By the 1930s, Denver's water prospectors had slipped a pipeline through a railway tunnel piercing the continental divide. Successive bores through a rib of mountains so wall-like that they divide north American drainage between the Atlantic and Pacific Oceans allowed Denver to relieve key Colorado River tributaries in the western Rockies of more than half of their flows. By 1986, Denver had diverted so much rural water from both the eastern and western sides of the divide that in his 1986 classic Cadillac Desert dam critic Marc Reisner referred to it as the "Los Angeles of the Rockies".
n 1990, as the population served by Denver Water approached one million (this includes suburbs), plans for the Two Forks dam, a massive new project, were on the drawing board. With its 615ft-tall retaining wall, the Two Forks dam would have flooded six towns. Denver Water saw federal approval as a mere formality, and the city was even planning to pay for Two Forks without federal assistance. And then, in a shock decision, the Environmental Protection Agency under the new administration of George HW Bush, vetoed the project.
Before the Two Forks veto, across the US but particularly in the dry west, conventional wisdom had it that the only good river was a dammed one. Between hydro-power and vast reservoirs created by dams, there was arid plain, no high desert that could not be made to bloom. But, nearly a quarter of a century later, it's clear that Two Forks was a - perhaps the - watershed moment in western water projects. The era of big infrastructure, a 20th-century drive that had left more than 30,000 dams plugging up waterways west of the Mississippi, was over. Freshwater fisheries were collapsing and with them whole ecosystems once sustained by streams and fish. The two biggest river deltas on the Pacific coast were either dead or dying. There simply wasn't enough water to keep on damming rivers.
"That was a real game-changer for all utilities," says Denver Water's current manager Jim Lochhead. "We learned we needed to conserve more, we needed to reuse the water we had, we needed to use existing structures instead of building new ones." Within his agency, Two Forks changed Denver so profoundly that, for many years afterwards, the city had environmental lawyers once more likely to sue it than do business with it on the water utility's ruling board.
It was in 2002, however, that Denver felt the aftershock of the loss of Two Forks to its reservoir system.
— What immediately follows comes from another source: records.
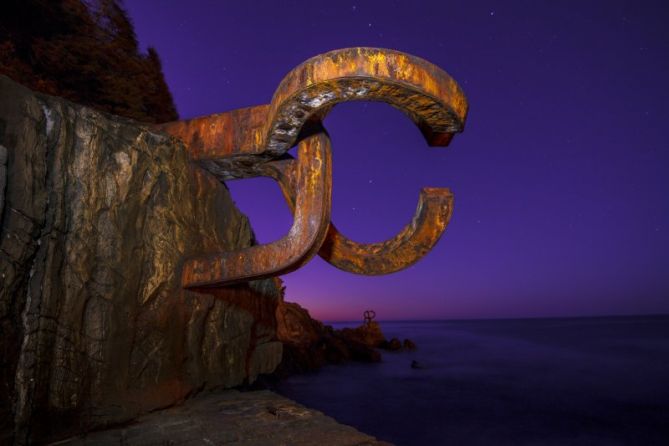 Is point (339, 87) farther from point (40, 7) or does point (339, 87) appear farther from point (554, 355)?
point (554, 355)

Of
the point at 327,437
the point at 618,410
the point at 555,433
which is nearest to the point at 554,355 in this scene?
the point at 618,410

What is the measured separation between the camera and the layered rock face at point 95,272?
197 cm

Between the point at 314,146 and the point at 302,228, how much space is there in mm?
554

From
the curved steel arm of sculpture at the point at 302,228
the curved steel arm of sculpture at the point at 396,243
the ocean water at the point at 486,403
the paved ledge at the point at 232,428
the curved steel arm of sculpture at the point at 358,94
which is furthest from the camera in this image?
the ocean water at the point at 486,403

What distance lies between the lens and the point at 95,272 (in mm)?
2363

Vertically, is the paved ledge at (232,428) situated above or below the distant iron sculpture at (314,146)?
below

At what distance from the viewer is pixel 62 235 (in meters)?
2.21

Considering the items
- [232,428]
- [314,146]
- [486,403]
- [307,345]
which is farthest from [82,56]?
[486,403]

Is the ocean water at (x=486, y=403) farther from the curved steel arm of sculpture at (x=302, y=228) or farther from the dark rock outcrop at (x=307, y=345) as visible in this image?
the curved steel arm of sculpture at (x=302, y=228)

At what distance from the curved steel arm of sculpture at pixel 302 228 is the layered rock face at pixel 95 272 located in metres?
0.61

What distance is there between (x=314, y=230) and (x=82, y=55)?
17.5 feet

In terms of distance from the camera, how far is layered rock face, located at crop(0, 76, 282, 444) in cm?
197

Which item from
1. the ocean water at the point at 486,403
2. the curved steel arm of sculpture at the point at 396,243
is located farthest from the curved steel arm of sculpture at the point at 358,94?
the ocean water at the point at 486,403

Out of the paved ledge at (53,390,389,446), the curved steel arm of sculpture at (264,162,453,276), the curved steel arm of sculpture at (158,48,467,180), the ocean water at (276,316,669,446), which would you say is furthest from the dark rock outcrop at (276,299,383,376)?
the curved steel arm of sculpture at (158,48,467,180) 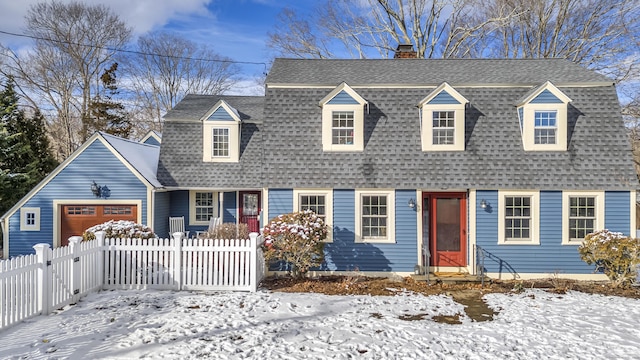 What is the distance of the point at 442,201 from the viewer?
1137 cm

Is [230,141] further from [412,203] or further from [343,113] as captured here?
[412,203]

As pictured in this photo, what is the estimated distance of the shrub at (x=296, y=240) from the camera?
9.73 meters

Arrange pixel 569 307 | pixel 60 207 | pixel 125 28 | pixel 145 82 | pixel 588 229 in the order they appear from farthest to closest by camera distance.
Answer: pixel 145 82 → pixel 125 28 → pixel 60 207 → pixel 588 229 → pixel 569 307

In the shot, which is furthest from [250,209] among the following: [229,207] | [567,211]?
[567,211]

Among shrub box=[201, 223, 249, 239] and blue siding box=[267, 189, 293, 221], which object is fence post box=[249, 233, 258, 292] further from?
shrub box=[201, 223, 249, 239]

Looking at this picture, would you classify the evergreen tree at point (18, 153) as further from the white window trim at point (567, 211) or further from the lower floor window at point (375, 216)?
the white window trim at point (567, 211)

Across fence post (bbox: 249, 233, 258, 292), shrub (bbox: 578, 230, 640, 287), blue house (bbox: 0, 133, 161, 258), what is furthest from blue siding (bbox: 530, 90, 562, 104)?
blue house (bbox: 0, 133, 161, 258)

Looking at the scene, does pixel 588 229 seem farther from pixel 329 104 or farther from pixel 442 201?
pixel 329 104

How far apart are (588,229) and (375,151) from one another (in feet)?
20.6

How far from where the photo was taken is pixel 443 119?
11469 millimetres

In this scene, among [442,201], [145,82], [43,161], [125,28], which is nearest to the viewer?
[442,201]

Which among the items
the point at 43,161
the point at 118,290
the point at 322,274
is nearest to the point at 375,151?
the point at 322,274

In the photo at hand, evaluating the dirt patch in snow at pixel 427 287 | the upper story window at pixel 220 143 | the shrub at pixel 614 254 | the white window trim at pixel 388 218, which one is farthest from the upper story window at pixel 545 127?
the upper story window at pixel 220 143

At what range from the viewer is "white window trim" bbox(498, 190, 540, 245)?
10.7 meters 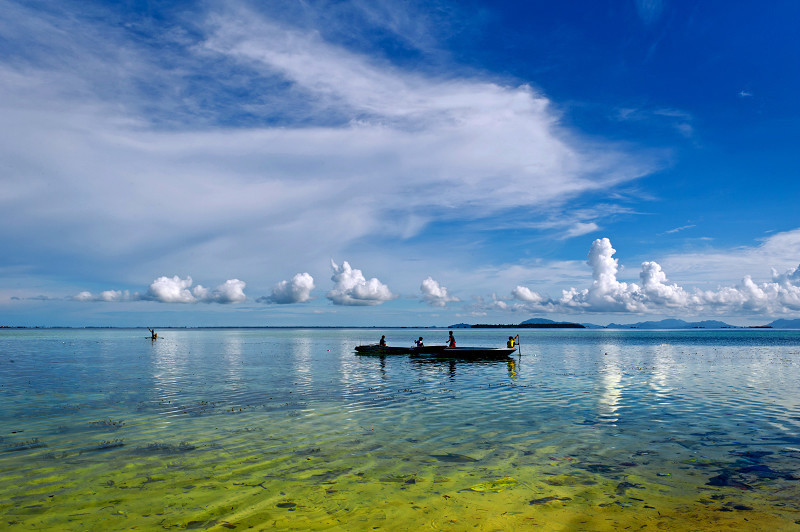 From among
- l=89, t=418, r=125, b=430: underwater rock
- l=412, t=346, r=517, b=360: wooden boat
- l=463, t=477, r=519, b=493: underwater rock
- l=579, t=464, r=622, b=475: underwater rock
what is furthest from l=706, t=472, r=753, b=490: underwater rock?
l=412, t=346, r=517, b=360: wooden boat

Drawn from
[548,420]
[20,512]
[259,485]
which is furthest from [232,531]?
[548,420]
Colorado River snowmelt, source of half of Denver's water, plummeted to a quarter of normal flows. Limerick relishes Denver's response. It straight-facedly accelerated a drought-tolerant native landscape programme (Denver Water coined the phrase "xeriscaping" and opened the first demonstration garden under the name). But the rest of the alarm rang in what Limerick calls "madcap" style.
Trout Unlimited's Colorado executive director David Nickum meets regularly with Denver Water and has even co-authored an op-ed piece in the Denver Post with its general manager. "It's not kumbaya all the time," says Nickum. However, he agrees with Kuhn and even Denver Water's CEO Jim Lochhead that the era of big infrastructure is over. It's an accountability thing. Unlike the situation in Los Angeles, where the eastern Sierra lake devastated by "Chinatown"-era water politics is 200 miles away, Denverites consider the west slope of the Rockies their backyard. "So Denver Water is caught in the middle," says Kuhn. "Their constituents expect them to provide high-quality, low-cost water and do it in a way that doesn't mess up their playground."